For nine months during her sickness and recovery, Sursara was mostly immobile. Inactive, the conservationist gained approximately eleven kilos (around 24 pounds). Currently she says, "cyber bullies are engaging in campaigns against me using their social media to call me fat, ugly and worthless." One depraved bully even suggested that Elissa should "check into a concentration camp."
But this is not the first time Sursara has been bullied by social media she says:
For part of 2011 and some of 2012, I became the target of a brutal smear campaign fronted by three women, whose names I will not divulge. It has been one of the worst experiences with bullying thus far.

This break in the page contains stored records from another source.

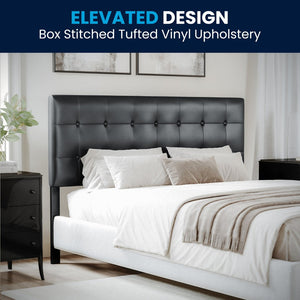 English Elm Lennox Tufted Upholstered Full Size Headboard for Stylish Bedroom Upgrade with Easy Assembly Black In Stock. Usually ships in 24 - 48 business hours HG-HB1705-Q-BK-GG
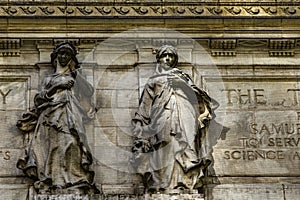 Monuments and statues of Manhattan, which adorn the facade of the New York Public Library in the Big Apple.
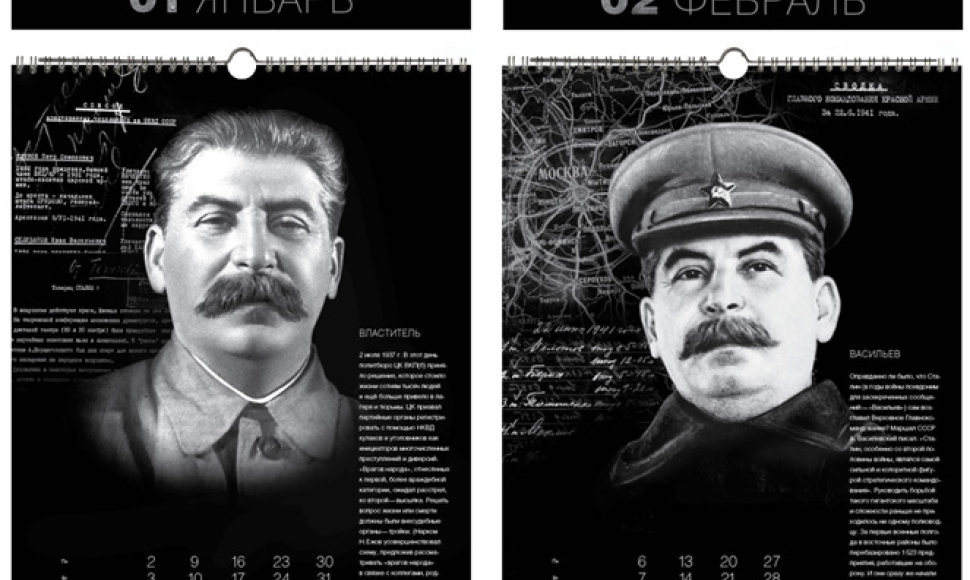 Bažnytinis kalendorius su Stalino atvaizdu.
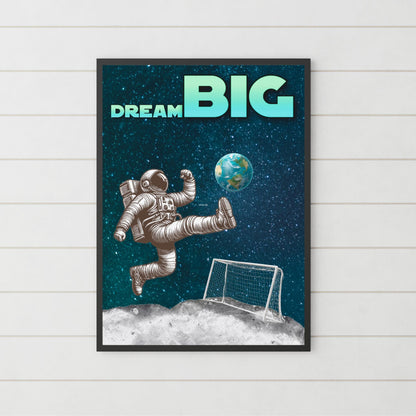 Space Football A4 Print, High Quality Wall Art, Home Bar Funny Poster, Quirky Decor, Moon Print, Secret Santa, Dream Big.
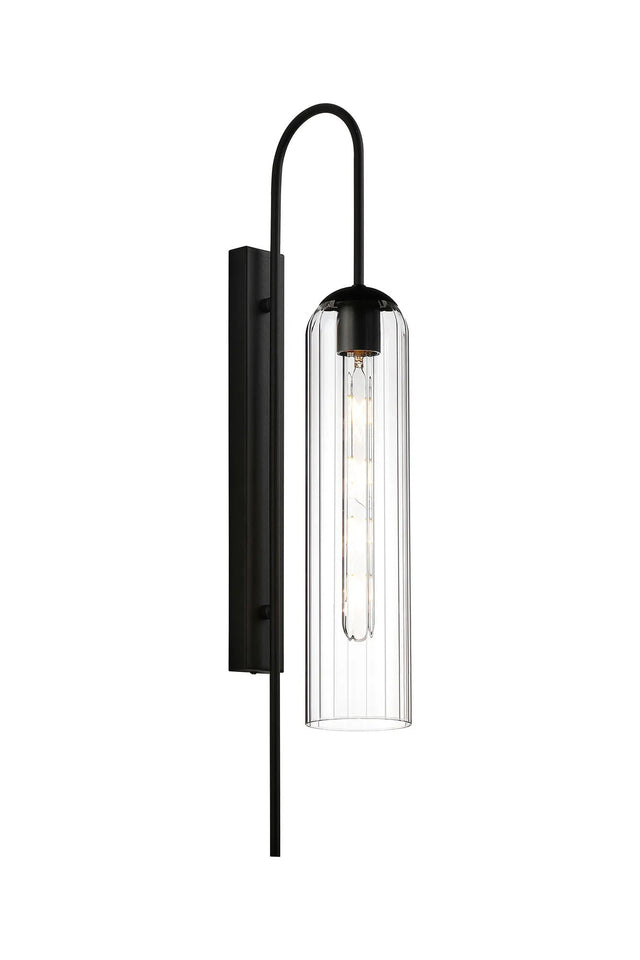 Samed 70cm Curved Wall Light, 1 Light E27, Satin Black / Clear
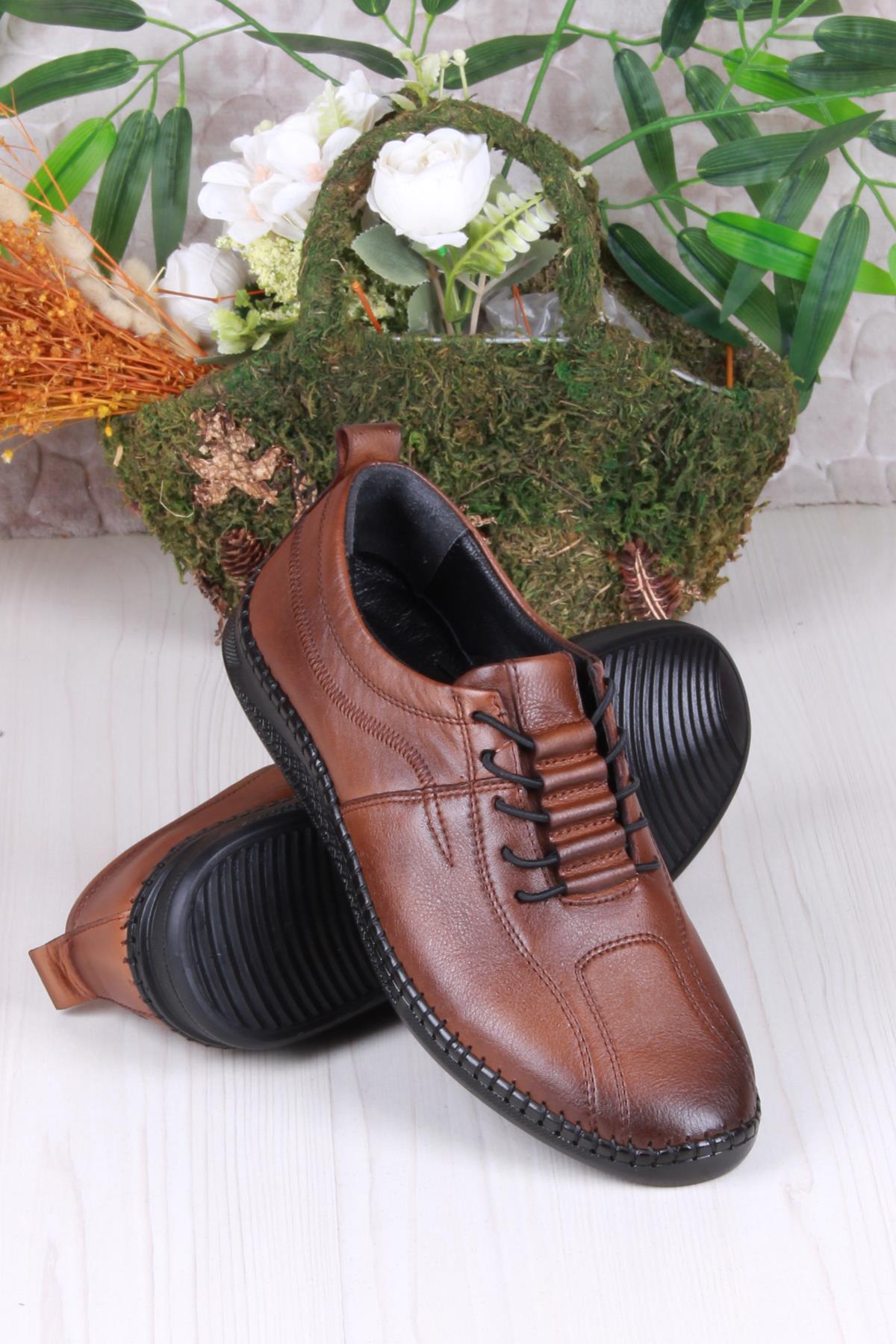 425000 Yumuşak Esnek Rahat Lastik Bağcıklı Hakiki Deri Erkek Ayakkabı - Görsel 5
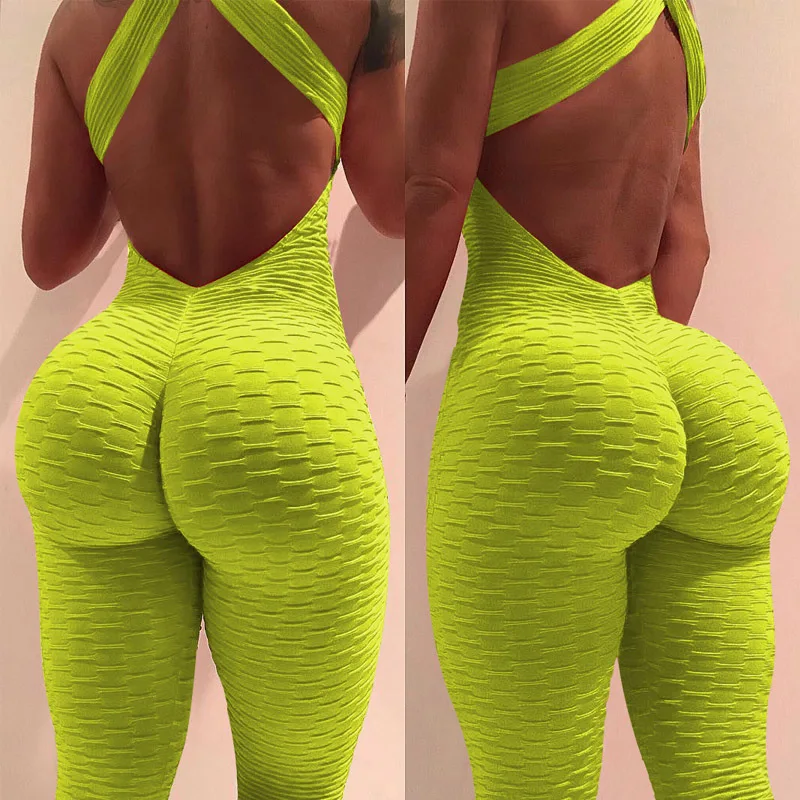 

Custom Women Bodysuit Yoga Sport Fitness Clothing Women's One-Piece Sports Suit Workout Gym Fitness Jumpsuit Pants Sexy Yoga Se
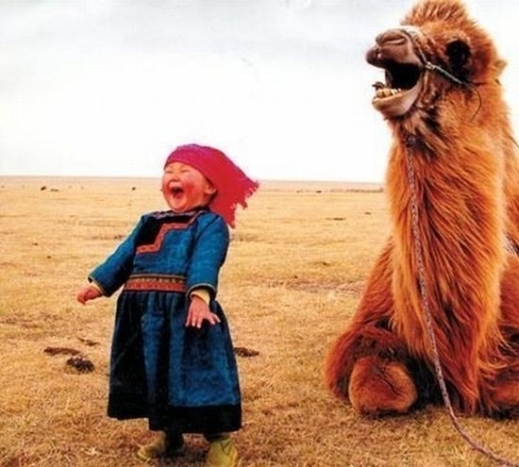 A-laughing-girl-and-her-camel
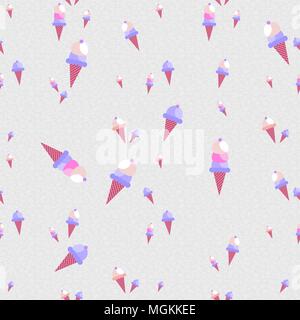 Seamless pattern of cute hand drawn ice cream cones. Summer season food background. EPS10 vector. Stock Vector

I was called mentally disturbed and lies about my personal life were played out in front of an audience. After being exposed by an affiliate organization as deceitful, the womens' bullying efforts were merely an attempt to damage my reputation whilst rescuing their own. One of the women even emailed her claims to at least one of my professional contacts in an effort to jeopardize my work and professional connections.
By now the culmination of these events might have bested the strongest person, but in Elissa's case, she has discovered a silver lining and a new cause. The ecologist has found added strength by helping other victims of bullying:
As a result of my now very public experiences, I am working with Reach Out Australia, a resource from the Inspire Foundation, to advocate against bullying as a patron and contributor to their project. I aim to offer my advice and friendship to children and young adults struggling with depression, bullying and other difficult traumas.
Having dealt with aggressive bullies for much my life, I now speak out to advocate against a social injustice that affects millions of children and young adults all around the world.
For anyone going through a bullying-type situation, Elissa's message is a simple one. "The cardinal rule in dealing with a bully" she said, "is remembering it’s not your fault, and nothing you’ve been accused of doing, justifies a bully’s behavior."
But the young woman also hopes that unlike her own experiences, those in need of help do not keep it locked inside. "It’s important to reach out," emphasizes Elissa, "talk to your parents, teachers or an adult you trust. Go online and gain support from the many resources available to you. Always remember," she adds, "that it’s your right to feel safe, happy and secure."